Afferrò dal letto il cellulare. Niente, ma quel suono c’era, era reale. Lanciò via il telefono. Le sento! Forse quelle stramaledette campane venivano dai muri, da fuori, da dentro, rintocchi disciolti nei rigagnoli d’acqua che trasudavano le pareti.

“Basta!”

Si fiondò fuori e andò a sbattere su qualcosa. Finì a terra, una fitta di dolore alla schiena. Un puzzo infernale lo catturò. Tra i mugugni sollevò lo sguardo e incrociò gli occhi gialli e spiritati di un relitto umano vestito di stracci, un rivolo di bava a solcargli la barba incolta. Luca spinse sui talloni per sottrarsi, ma l’altro parve non contenere un’ira cieca. Esplose in un urlo deforme e aprì le braccia rivelando la bottiglia vuota che impugnava in una mano. L’istinto rispose. Luca scalciò con forza, dritto all’addome. L’uomo parve colto alla sprovvista e indietreggiò fino ai gradini delle scale. Fu un attimo, e lo vide cadere giù. Silenzio.

Si alzò ancora dolorante e si sporse. Il barbone era immobile.

Corse in casa, il fiato corto e il cuore a ostruirgli la gola. Dov’è? Afferrò il telefono.

“Antonio! Antonio! Ho ucciso un uomo!”

Dall’altro lato riuscì a percepire solo un respiro denso di calma e pace.

Luca scoppiò in lacrime e si accasciò a terra sulle ginocchia, la mano sul viso: “Ti prego, aiutami!”

“Sìì, scelte, conseguenze. Ricorda.”

“Aiutami ti prego! Ho ucciso un uomo!”

Sentì riattaccare. Un boato di nulla lo travolse e il cellulare gli cadde di mano.

Raccolse le poche forze che gli rimanevano. Magari è solo svenuto. Tornò fuori, sul pianerottolo fino alle scale. Non c’era nessuno.

Le campane. I rintocchi tornarono più forti di prima, un’eco che vibrava in tutto il palazzo. Guardò la porta degli scarafaggi: chiusa, niente numero. Si sentì mancare. Strinse le mani contro le tempie e l’idea di impazzire gli prosciugò il sangue in corpo.

Devo andarmene da qui.

Si affrettò giù dalle scale inseguito dal suono infernale. Se lo sentiva dentro, sottopelle, come avesse un campanile piantato nella gabbia toracica. Saltò gli ultimi gradini e si lanciò sulla porta d’uscita. Fuori la nebbia aveva acquisito spessore, la città non era che un insieme di forme memorizzate.

Rimase stordito. La sua auto non c’era più. Un cumulo di ferraglia bruciata ricordava l’Audi che aveva parcheggiato lì la sera prima. Quel barbone di merda. Luca non ne aveva più, si sentiva a pezzi. Fece uno scatto sull’asfalto con l’idea di raggiungere le case più vicine, ma dovette fermarsi.

Un cane nel mezzo della strada ringhiava, un fascio di nervi piantato al suolo. Luca arretrò e riprese la sua fuga in direzione opposta. Voltò l’angolo, negli occhi solo un paesaggio opaco e senza ombre.

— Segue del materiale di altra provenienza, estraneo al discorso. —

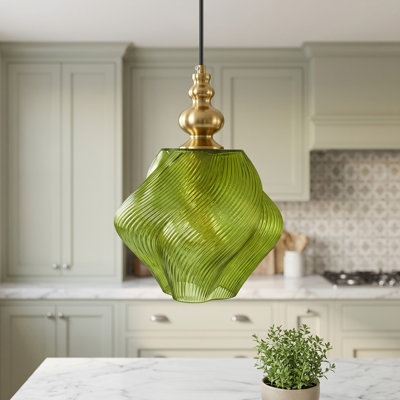1-Light Olive Green Twisted Glass Pendant Light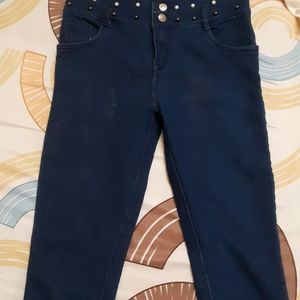 Blue Ladies Jeans With Perl On Top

Sentì il guaito del cane avvicinarsi e spinse sulle gambe. Più forte, si disse, ma i piedi sprofondarono in qualcosa. La palude, rabbrividì. Si dimenò cercando di poggiare i piedi su qualcosa e afferrare con le mani uno spuntone o un pezzo di terra. Nulla, andava giù in una melma viscida che gli rallentava i movimenti. Sempre più giù. L’acqua in bocca, il fango nei polmoni che faticavano a distillare ossigeno. Il livello della merda gli arrivò agli occhi e il petto bruciava.

Sentì le campane. Uno, due, infiniti rintocchi. Cercò di vedere. L’acqua, la nebbia, poi un sibilo ammutolì tutto e lo trafisse da timpano a timpano.

“Sìì.”

Mise a fuoco. Un paio di mocassini si mantenevano leggeri a pelo d’acqua. Neri, tirati a lucido, con due fibbie sul dorso simili a strani serpenti. Su di loro saliva un tessuto blu scuro e poi… più nulla o, forse, un rintocco.